Create a secret on Kubernetes
You can create a secret with an env var of the content of the gcs-key.json:
GC_KEYFILE_DICT
orGOOGLE_KEYFILE_DICT
Or you can create a secret to be mounted as a volume:
kubectl create secret generic gcs-secret --from-file=gc-secret.json=path/to/gcs-key.json -n polyaxon
Use the secret name and secret key in your data persistence definition
You can use the default mount path /plx-context/.gc
, Polyaxon will set the GC_KEY_PATH
to /plx-context/.gc/gc-secret.json
so the secret must contain —from-file=gc-secret.json=
connections:
- name: gcs-dataset1
kind: gcs
schema:
bucket: "gs://gcs-datasets"
secret:
name: "gcs-secret"
mountPath: /plx-context/.gc
You can also use a different mount path /etc/gcs
, in which case you need to provide an env var to tell the SDK where to look:
kubectl create configmap gcs-key-path --from-literal GC_KEY_PATH="/etc/gcs/gc-secret.json" -n polyaxon
connections:
- name: gcs-dataset1
kind: gcs
schema:
bucket: "gs://gcs-datasets"
secret:
name: "gcs-secret"
mountPath: /etc/gcs
configMap:
name: gcs-key-path
If you want ot access multiple datasets using the same secret:
persistence:
- name: gcs-dataset1
kind: gcs
schema:
bucket: "gs://gcs-datasets/path1"
secret:
name: "gcs-secret"
mountPath: /etc/gcs
configMap:
name: gcs-key-path
- name: gcs-dataset2
kind: gcs
schema:
bucket: "gs://gcs-datasets/path2"
secret:
name: "gcs-secret"
mountPath: /etc/gcs
configMap:
name: gcs-key-path
Update/Install Polyaxon deployment
You can deploy/upgrade your Polyaxon CE or Polyaxon Agent deployment with access to data on GCS.

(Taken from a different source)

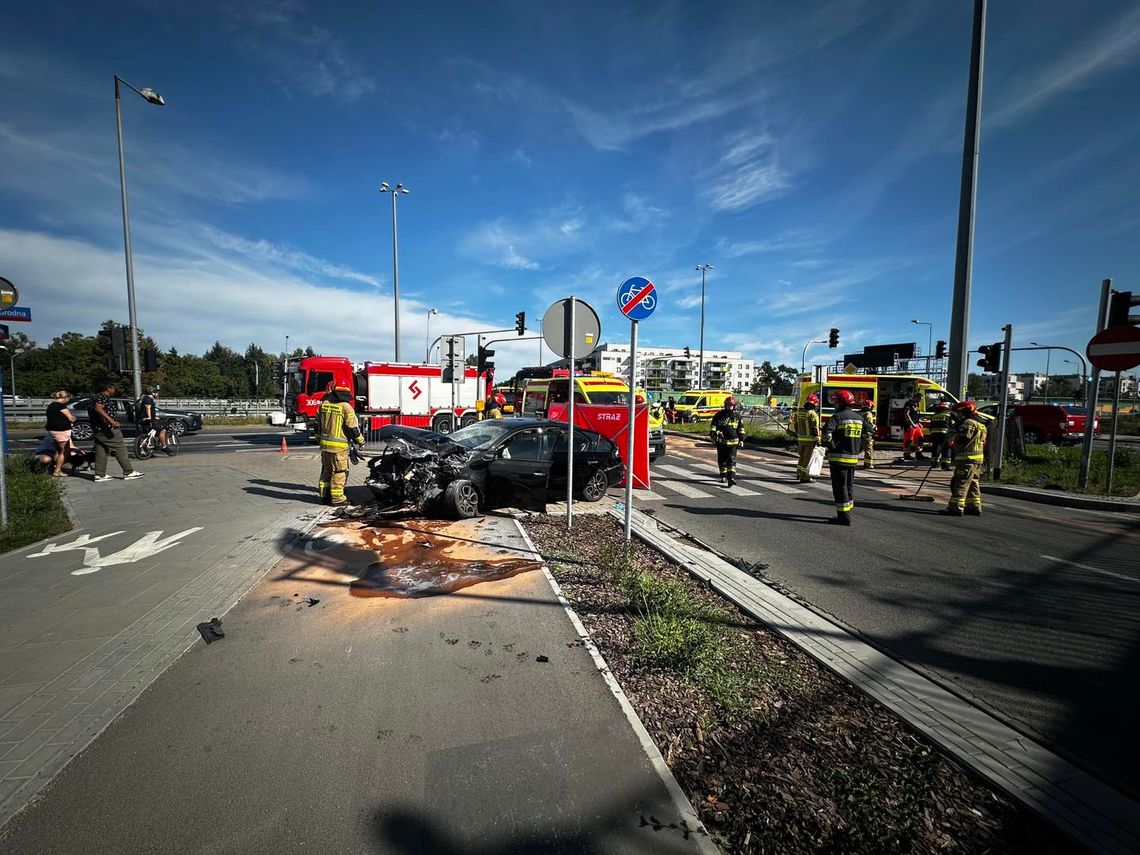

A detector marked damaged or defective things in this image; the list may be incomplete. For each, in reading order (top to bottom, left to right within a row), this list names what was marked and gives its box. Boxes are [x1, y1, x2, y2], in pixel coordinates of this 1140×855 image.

car's crumpled front end [364, 437, 471, 513]
damaged black car [364, 419, 624, 519]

Access to data in your experiments/jobs
To expose the connection secret to one of the containers in your jobs or services:
run:
kind: job
connections: [gcs-dataset1]
Or
run:
kind: job
connections: [gcs-dataset1, s3-dataset1]
Use the initializer to load the dataset
To use the artifacts initializer to load the dataset
run:
kind: job
init:
- artifacts: {dirs: [...], files: [...]}
connection: "gcs-dataset1"
Access the dataset programmatically
This is optional, you can use any language or logic to interact with Google Cloud Storage buckets.
For instance you can install gcloud
CLI and it will be configured automatically when you request the GCS connection.
You can also use Polyaxon’s fs library to get a fully resolved gcsfs instance:
To use that logic:
pip install polyaxon[gcs]
Creating a sync instance of the gcsfs client:
from polyaxon.fs import get_fs_from_name
...
fs = get_fs_from_name("gcs-dataset1") # You can pass additional kwargs to the function
...
Creating an async instance of the gcsfs client:
from polyaxon.fs import get_fs_from_name
...
fs = get_fs_from_name("gcs-dataset1",
asynchronous=True) # You can pass additional kwargs to the function
...